III.e) Imitar a Jesucristo y practicar todas las virtudes cristianas: la piedad, la humildad, la pureza; esas virtudes, en una palabra, que nos presenta hoy el Evangelio en las Bienaventuranzas (Mt 5, 1-12).
III.f) Rezar bien, solicitando sin cesar a Dios las gracias que necesitamos. Sin la gracia, no podemos nada; con ella, podemos todo… «Porque Dios no manda cosas imposibles, sino que al mandar avisa que hagas lo que puedas y pidas lo que no puedas (San Agustín) y ayuda para que puedas»[7]. Junto con los sacramentos, el medio más fácil que está a nuestro alcance para recibir la gracia es la oración. Es lo que dice san Alfonso María de Ligorio en su célebre adagio: «El que reza se salva, el que no reza se condena»[8].
IV. Hemos nacido para un gran destino: servir y amar a Dios en esta vida y después gozarle en la eterna. Esa vida eterna que llamamos «el Cielo» es nuestra meta. Invoquemos hoy con más confianza la protección de la Virgen María y de todos los santos y hagamos el propósito de imitar sus ejemplos para ser un día partícipes de la misma gloria por toda la eternidad.
[1] Próspero GUERANGER, El Año Litúrgico, Burgos: Editorial Aldecoa, 1956, 709.

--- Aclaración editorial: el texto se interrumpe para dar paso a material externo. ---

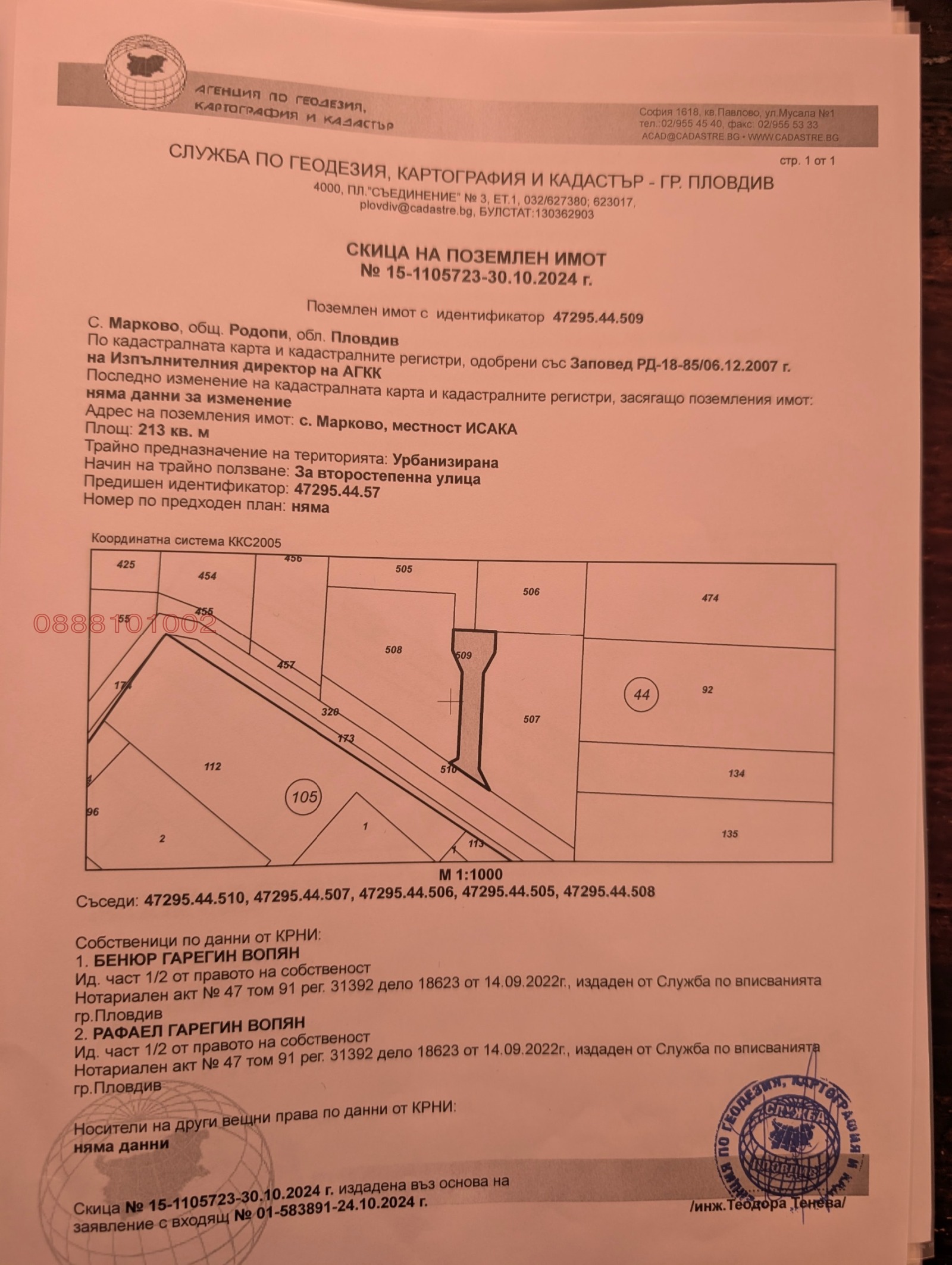 Продава ПАРЦЕЛ, с. Марково, област Пловдив, снимка 3 - Парцели - 54815584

[2] Próspero GUERANGUER, ob. cit., 713. El autor sigue en esto un sermón de san Gregorio que pone en paralelo el censo de Augusto que precedió al nacimiento de Cristo con este definitivo «censo» que discierne para toda la eternidad la respuesta de los hombres ante la obra de su redención.
[3] Cfr. SAN PÍO X, Catecismo mayor, Instrucción sobre las fiestas, II, 10.

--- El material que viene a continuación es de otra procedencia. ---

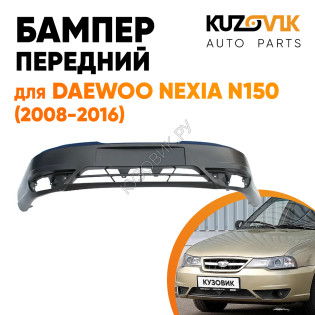 Бампер передний Daewoo Nexia N150 (2008-2016) KUZOVIK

[4] Hacemos notar que la colecta del Misal Romano tiene un sentido propiciatorio. Este es uno de los fines por los que se ofrece a Dios el sacrificio de la Misa: «para aplacarle, para darle alguna satisfacción de nuestros pecados y para ofrecerle sufragios por las almas del purgatorio» (Catecismo Mayor) A nuestro juicio estos matices se pierden en la traducción de la liturgia reformada al hablar exclusivamente de la misericordia divina.
[5] Cfr. Catecismo Mayor, Doctrina cristiana I, 10. «Los bienes externos comunes en la Iglesia son: los Sacramentos, el Santo Sacrificio de la Misa, las públicas oraciones, las funciones religiosas y las demás prácticas exteriores que unen a los fieles entre sí».
[6] Próspero GUERANGER, ob. cit., 707.
[7] Concilio de Trento: Dz 804.
[8] El gran medio de la oración, Sevilla: Apostolado Mariano, 2005, 44.